[YOUR OBJECTIVE]: Using the data below, work out how many lines contain the word "foot", then state that number without comment.

[RECORD EXTRACTS]:
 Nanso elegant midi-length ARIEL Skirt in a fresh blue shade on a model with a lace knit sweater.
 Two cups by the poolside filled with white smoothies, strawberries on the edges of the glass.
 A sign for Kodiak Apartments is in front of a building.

* * *

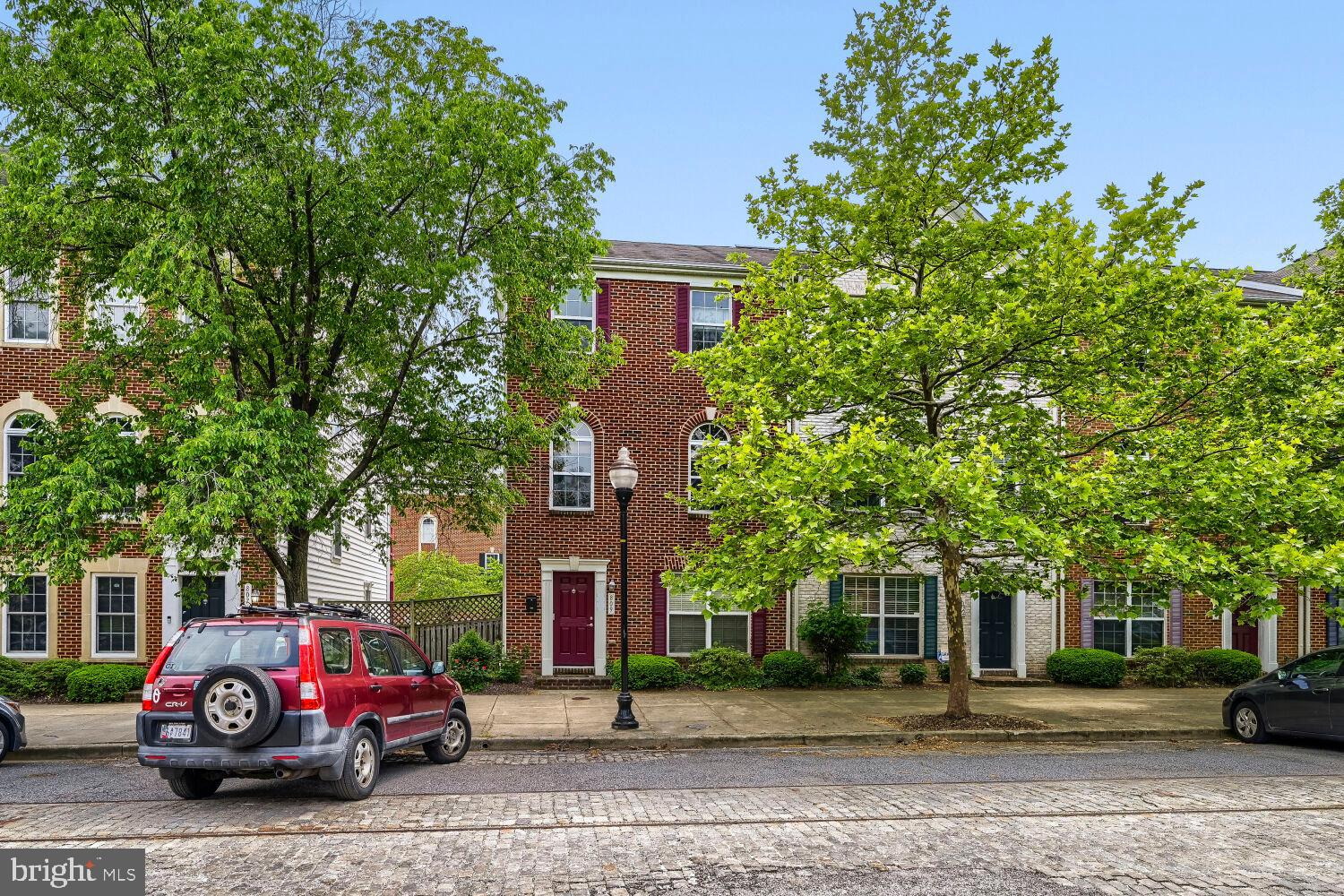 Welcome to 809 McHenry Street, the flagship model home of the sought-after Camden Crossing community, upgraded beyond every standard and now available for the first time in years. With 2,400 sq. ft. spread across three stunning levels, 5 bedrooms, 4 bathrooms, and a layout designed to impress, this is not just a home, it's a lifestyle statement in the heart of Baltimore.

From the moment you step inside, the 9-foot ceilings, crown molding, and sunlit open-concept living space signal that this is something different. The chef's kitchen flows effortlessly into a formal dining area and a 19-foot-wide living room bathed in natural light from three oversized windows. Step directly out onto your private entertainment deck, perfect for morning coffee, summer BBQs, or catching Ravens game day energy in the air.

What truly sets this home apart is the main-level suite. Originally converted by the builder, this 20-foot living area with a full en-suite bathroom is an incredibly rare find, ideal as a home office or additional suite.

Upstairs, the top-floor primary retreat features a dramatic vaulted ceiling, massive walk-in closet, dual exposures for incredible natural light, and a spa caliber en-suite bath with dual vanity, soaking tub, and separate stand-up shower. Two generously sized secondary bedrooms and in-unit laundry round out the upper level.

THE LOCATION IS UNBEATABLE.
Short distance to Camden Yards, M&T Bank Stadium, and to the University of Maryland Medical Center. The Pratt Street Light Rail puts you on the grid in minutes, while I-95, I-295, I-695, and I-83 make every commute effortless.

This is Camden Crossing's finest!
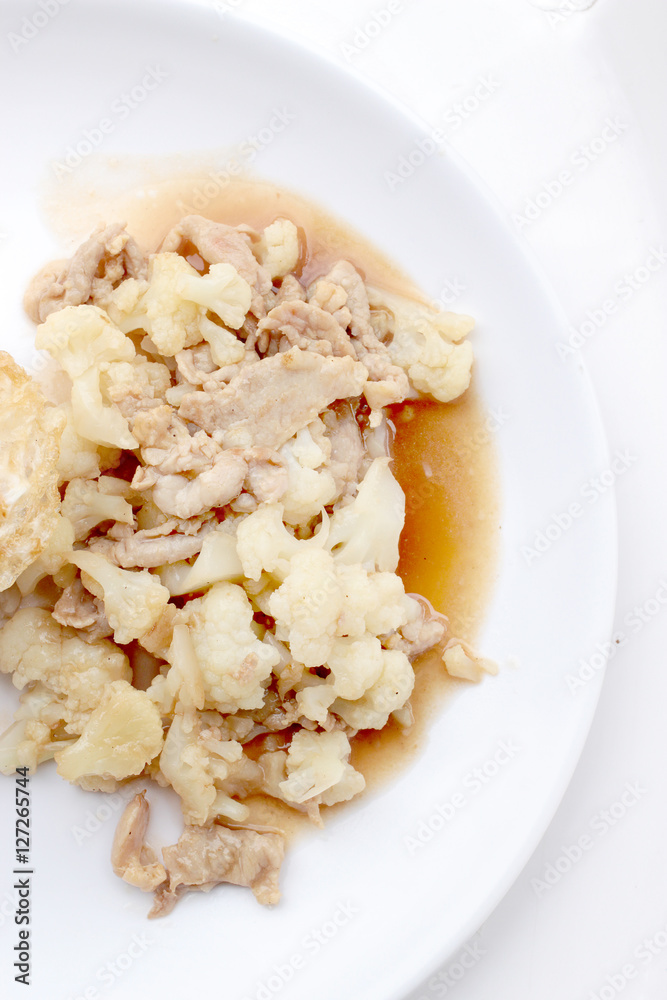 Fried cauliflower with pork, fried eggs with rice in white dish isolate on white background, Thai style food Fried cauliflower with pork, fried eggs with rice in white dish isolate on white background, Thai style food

--

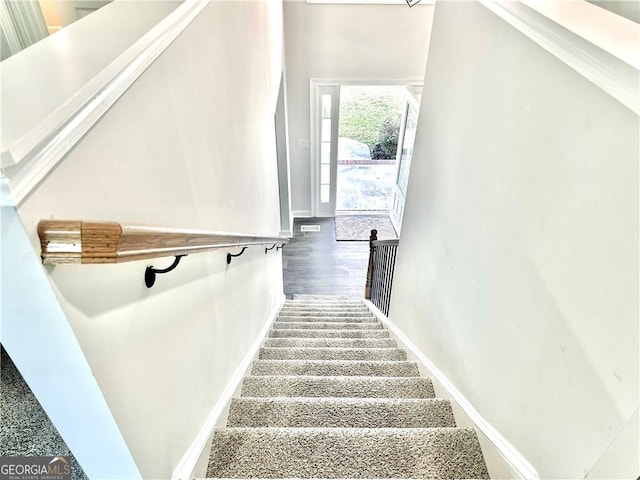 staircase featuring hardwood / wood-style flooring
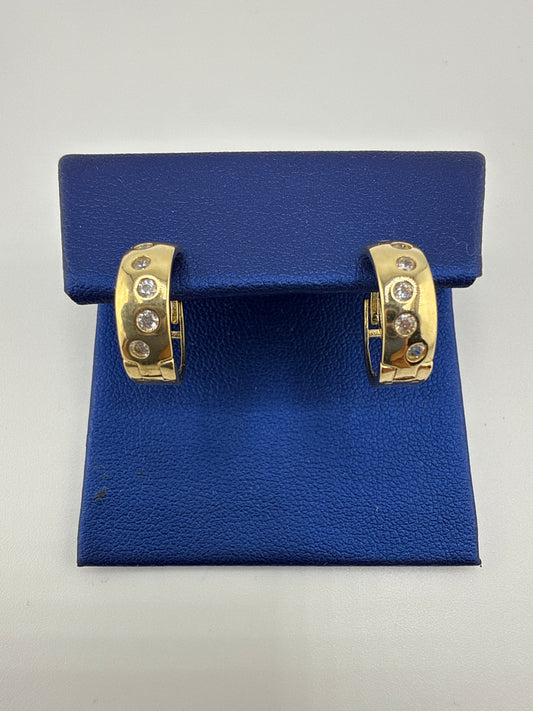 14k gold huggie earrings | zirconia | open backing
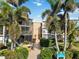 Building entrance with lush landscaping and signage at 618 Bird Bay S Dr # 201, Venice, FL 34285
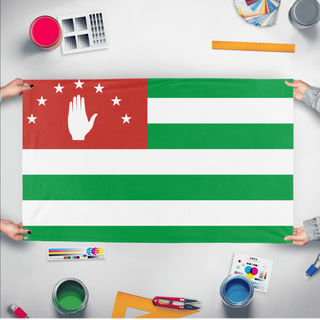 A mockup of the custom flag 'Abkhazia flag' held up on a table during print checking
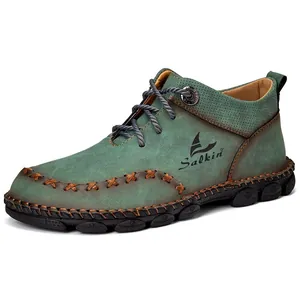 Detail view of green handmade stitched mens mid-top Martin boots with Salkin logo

[RESULT FOR THIS EXERCISE]: 2